With the deadline fast approaching, details on a regulation that will impose a total ban on the export of unrefined mineral ore are becoming more obscure.
Industry Minister MS Hidayat dismissed reports on Thursday that the government had made a decision on the matter.
“We will only make a decision at the Presidential Office on Jan. 11,” the minister said. “Any indicative figures that may have been disclosed so far, would be false.”
BeritaSatu previously reported thatmining firms and the government had reached an agreement to lower the purity requirement for refined copper before it can be exported to 90 percent from 99 percent, quoting Indonesia Gold and Copper Association chief Natsir Mansyur.
It was also reported that miners would be allowed to export 15-percent copper concentrate, a decision that will benefit smaller firms — holding mining business permits — and mining giants operating under contracts of work, such as Freeport Indonesia, a unit of US-based Freeport-McMoRan Copper & Gold that operates the Grasberg mine in Papua, and Newmont Nusa Tenggara, the subsidiary of US-based Newmont Mining that has mining rights over Batu Hijau and Elang mines in Sumbawa, West Nusa Tenggara. Both companies export 20 percent to 30 percent copper concentrate and send some of their production for refinement to Indosmelt, currently the only smelter in Indonesia.
Hidayat said the government had yet to take a final decision.
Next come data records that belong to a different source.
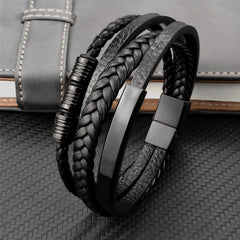 Multi-Layer Stainless Steel Genuine Leather Bracelet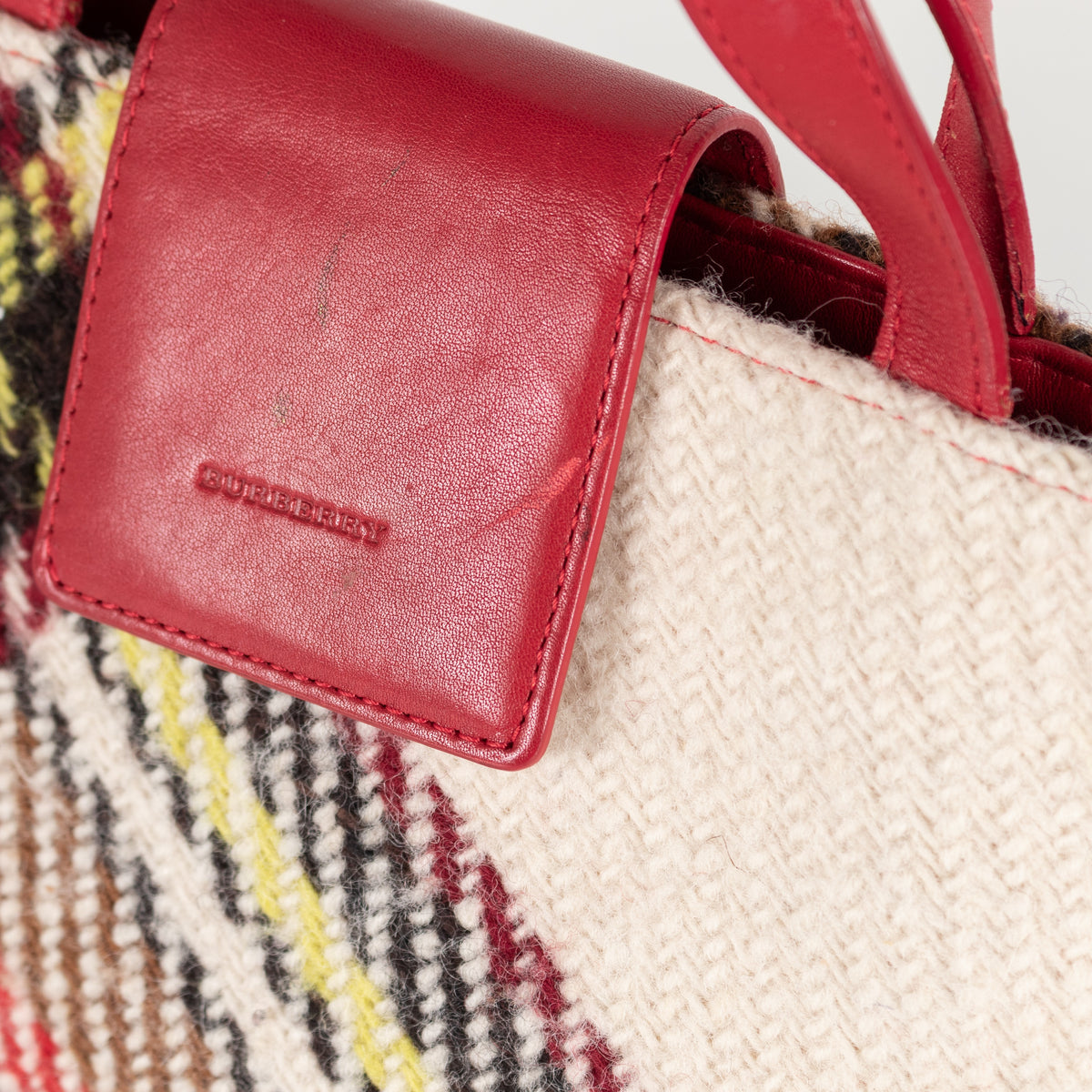 Burberry London Wool Check Handle Bag Red Plaid Tote - Image 17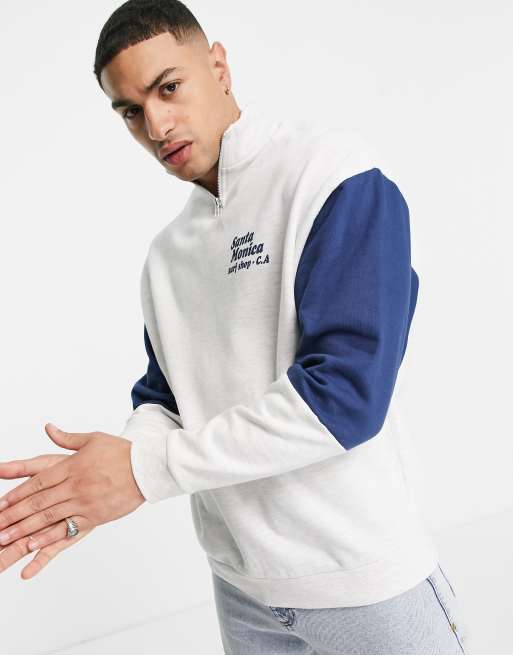 ASOS DESIGN - Oversized sweatshirt met korte rits en kleine stadsprint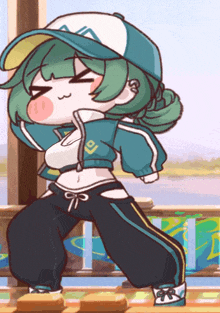 a cartoon of a girl with green hair wearing a hat
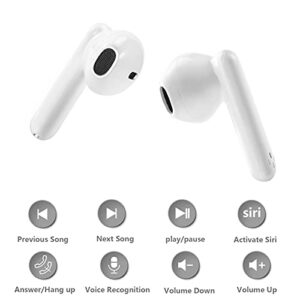 Wireless Earbuds Bluetooth 5.0 Headphones,3D Stereo Air Buds Ear Bud Built-in Mic Deep Bass Touch Control Sport Earphones Open Lid Auto Pairing for Apple iPhone/Android/Samsung (White)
He also denied that the government was constantly changing its stance on the matter.
“What happens is that our discussion was never far off from our agreement to ban ore exports,” he added.
The government enacted a new mining law in 2009 that will impose a ban on the export of unrefined minerals from this month, in an effort to add value to the nation’s natural resources.
But the law has proven to be unpopular among miners, who had to face declining profitability amid a drop in commodity prices.
Some processing facilities have been built since 2009, mostly initiated by state-controlled miner, Aneka Tambang.
Miners such as Freeport Indonesia and Newmont Nusa Tenggara had sought for an extension of the deadline in order to comply with the law.
Indonesia stands to lose $5 billion in state revenue in the short term if the government goes ahead with the ban.